Image-text web data:

+ + +

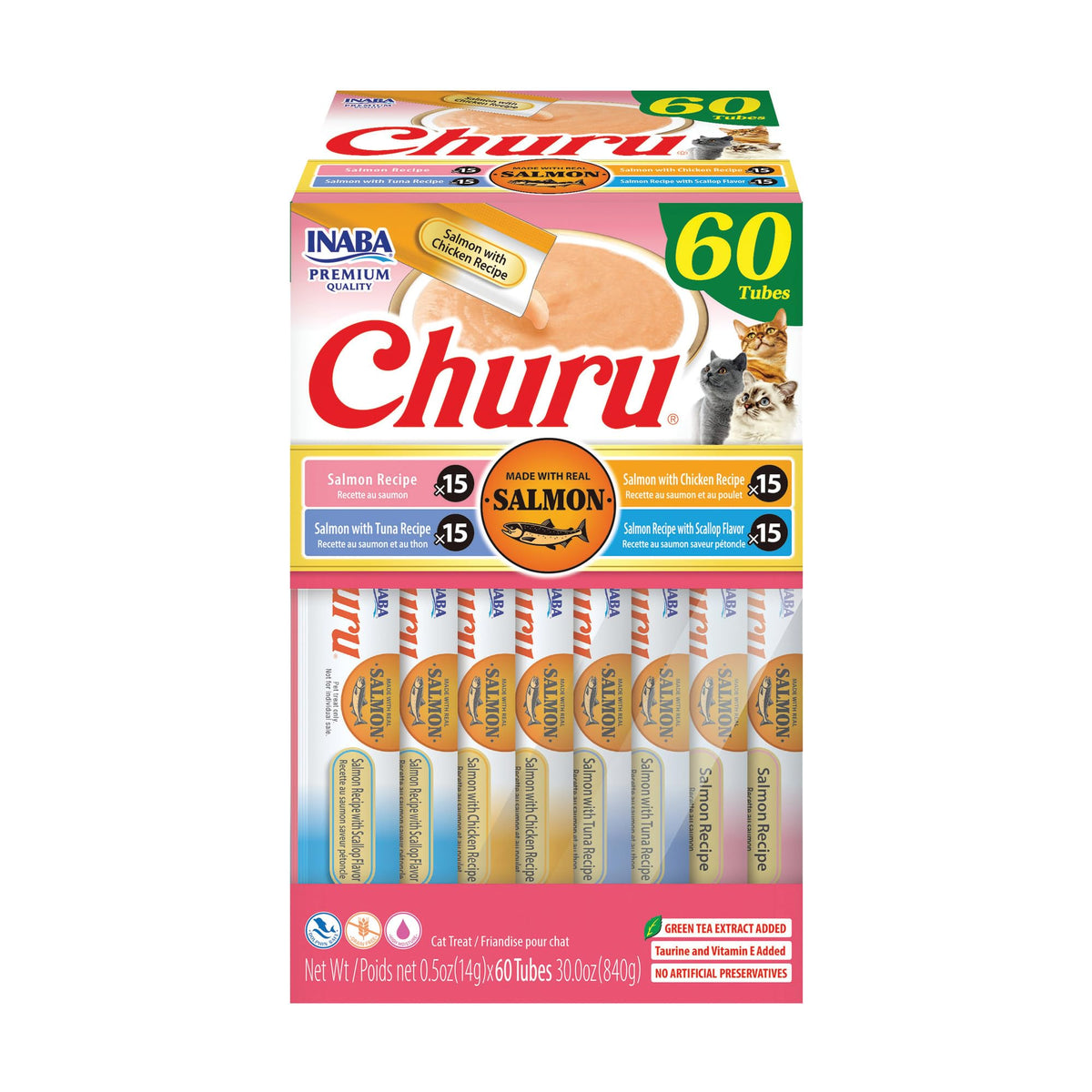 INABA Churu tubo salmón, crema cremosa para premiar a tu gato.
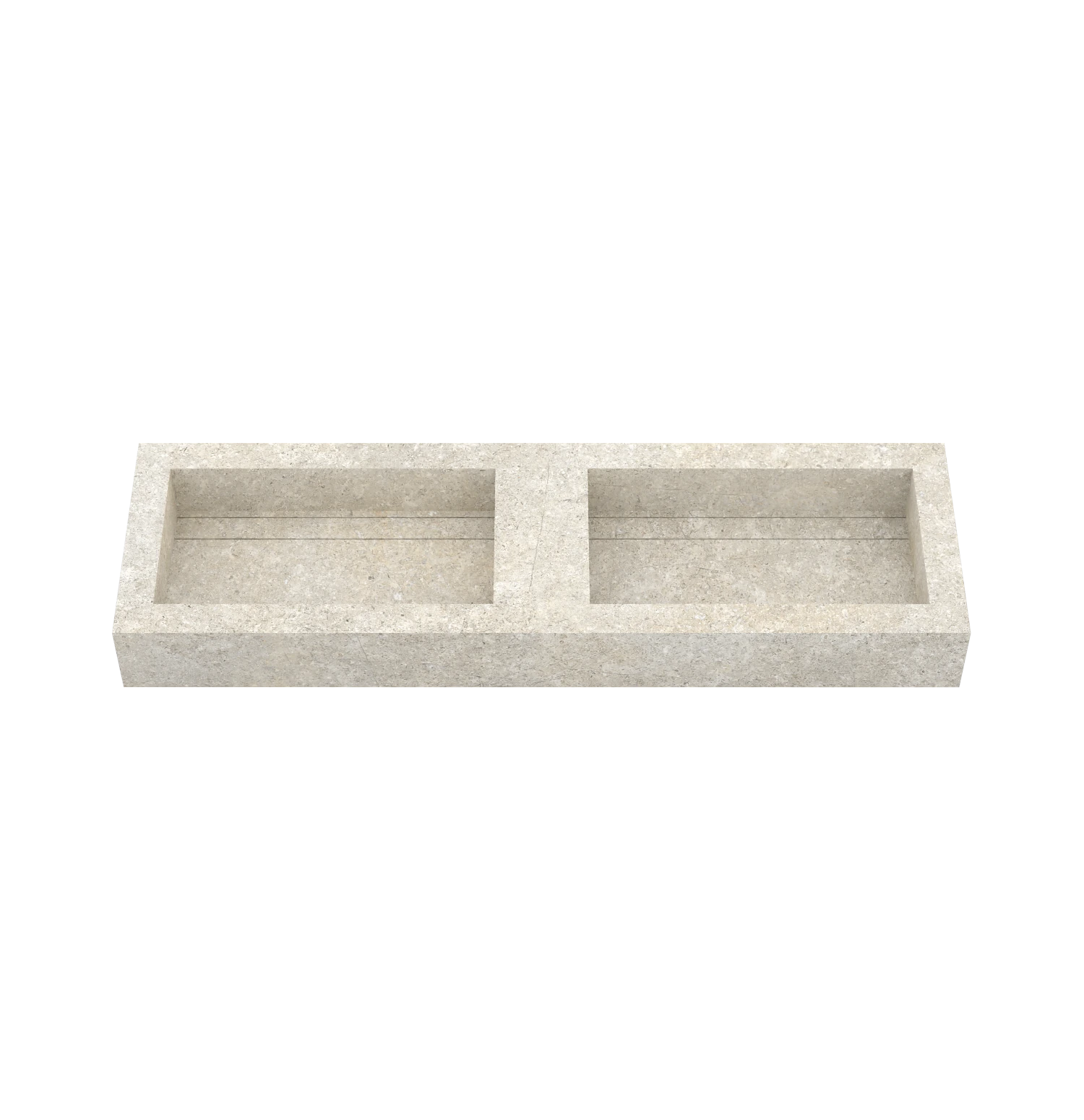 Xeraloox Duo Eterna 150 luxe keramische wastafel op maat gemaakt in Ivory natuursteenlook - afbeelding 2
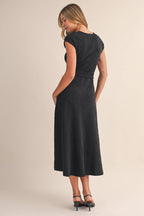 BLACK BELTED SHORT SLEEVE JACQUARD MIDI DRESS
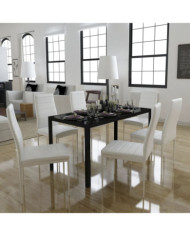 Ensemble de table à manger 7 pcs noir et blanc | Mobilier & Déco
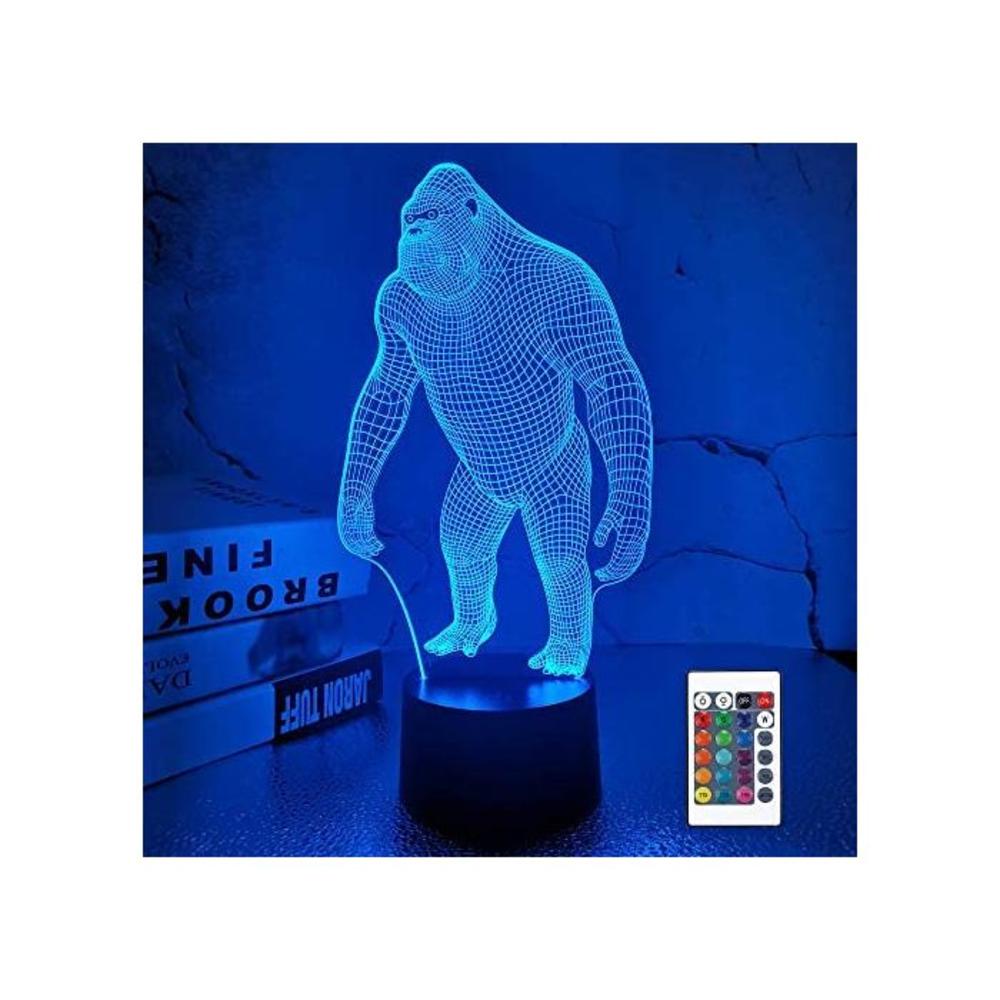 Gorilla 3D Night Light, Monkey LED Illusion Hologram Lamp 16 Colors Changing with Remote Control, Kids Bedroom Home Decor Ape Cool Creative Gifts for Christmas Birthday Men Boys B07MJPP1PK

+ + +

* [WHAT YOU HAVE TO DO] Repeat the records above exactly, from the first line through the line that contains "Ensemble de table", and leave out the pictures.

* [FINISHED EXERCISE]
 INABA Churu tubo salmón, crema cremosa para premiar a tu gato.
 Xeraloox Duo Eterna 150 luxe keramische wastafel op maat gemaakt in Ivory natuursteenlook - afbeelding 2
 BLACK BELTED SHORT SLEEVE JACQUARD MIDI DRESS
 Ensemble de table à manger 7 pcs noir et blanc | Mobilier & Déco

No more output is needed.